The Inspire Launch Grow awards, run by Edinburgh Innovations the University’s commercialisation service, celebrate student and recent graduate enterprise. Each winner is awarded £5,000.
NextChain, the brainchild of undergraduate Armin Ghofrani and recent graduates Thomas Billam and Gauthier Collas, won the Emerging Enterprise category, sponsored by Balfour Beatty. Their app promises to improve the food supply chain process for restaurants, helping chefs say goodbye to phone calls, emails and paperwork and eliminate errors.
The founders of Bioliberty won the Impact Award for social enterprises focused on change for common good. Rowan Armstrong and Ross O’Hanlon have developed a lightweight robotic glove which strengthens grip and a digital therapy platform which helps develop natural hand strength.

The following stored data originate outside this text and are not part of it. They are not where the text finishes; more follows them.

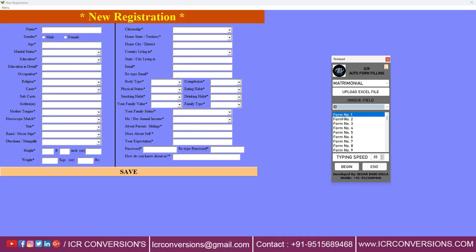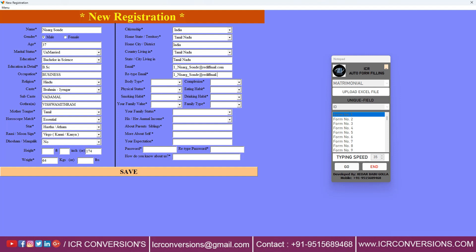Select the form and place the cursor on Matrimonial software. Start autotyping in Matrimonial software in manual typing mode. ICR Autotyper software is untraceable, 100% safe and 100% secure. Since the copy-paste option is disabled in Matrimonial software, use ICR Auto Form Filling software to transfer all your data into Matrimonial software very easily.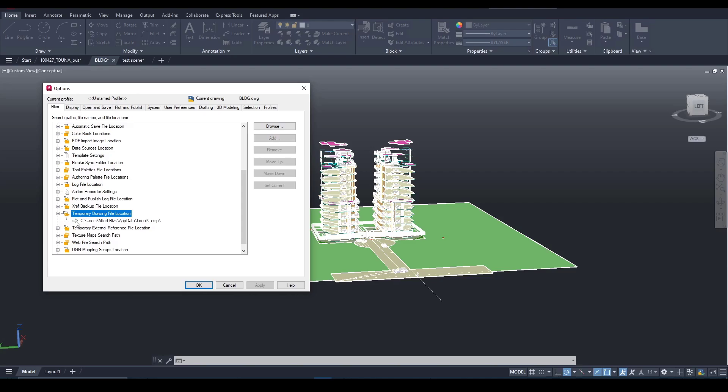By default it's in the system folder temp. When you copy geometry in AutoCAD, AutoCAD creates a temporary AutoCAD file in this location.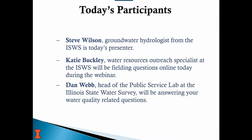I'm a groundwater hydrologist presenting today. Katie Buckley is our outreach specialist who will take your questions and work with anyone who needs CEU information at the end. Dan Webb is also on the call — he's the head of our public service lab. Until 2006, any well owner in Illinois could get a free water sample for inorganics and metals. It's still a really good deal today — well over 20 constituents for about $50 or $60, still subsidized by the state.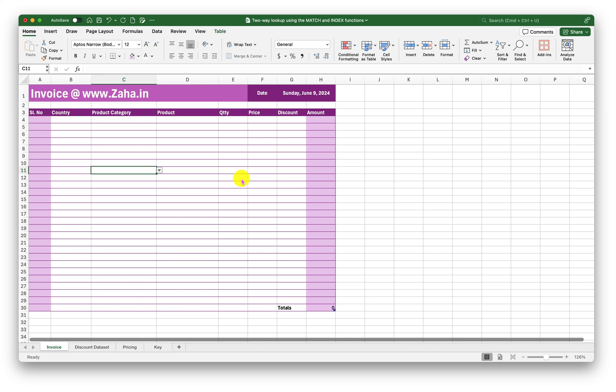Hello and welcome to another episode of Excel learning tutorial with Sayyid. In this episode we will see how to use the INDEX and MATCH formula in Excel and perform a two-way lookup.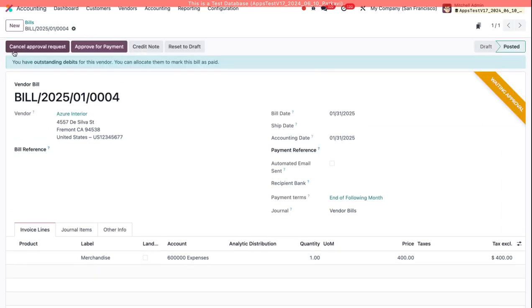You'll see that it automatically makes an approval request without me having to request an approval.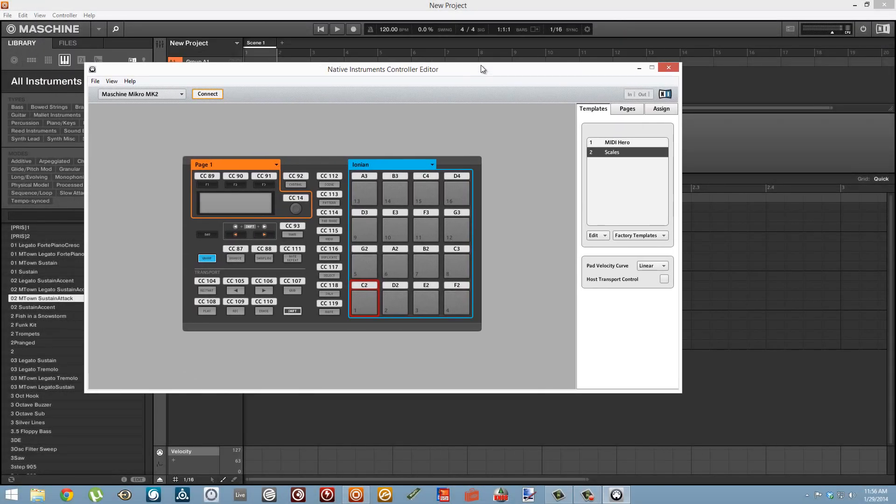Hey guys, this is Salamander Anagram with Machineskills.com and today I'm going to do a continuation of my video from last week which was on using the machine pads to create expressive sounds in Massive.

Finally, masters student Thibault Sorret, won the Innovation Award for technology-based businesses with his startup. Wildsense monitors forest health using satellite imagery to help foresters better adapt to climate-change-related risks.
Lorna Baird, Enterprise Development Manager at Edinburgh Innovations, said: “It’s been an incredibly hard year for our student startups but throughout they have shown resilience, ambition and determination; showing us all that they can triumph even in a pandemic.”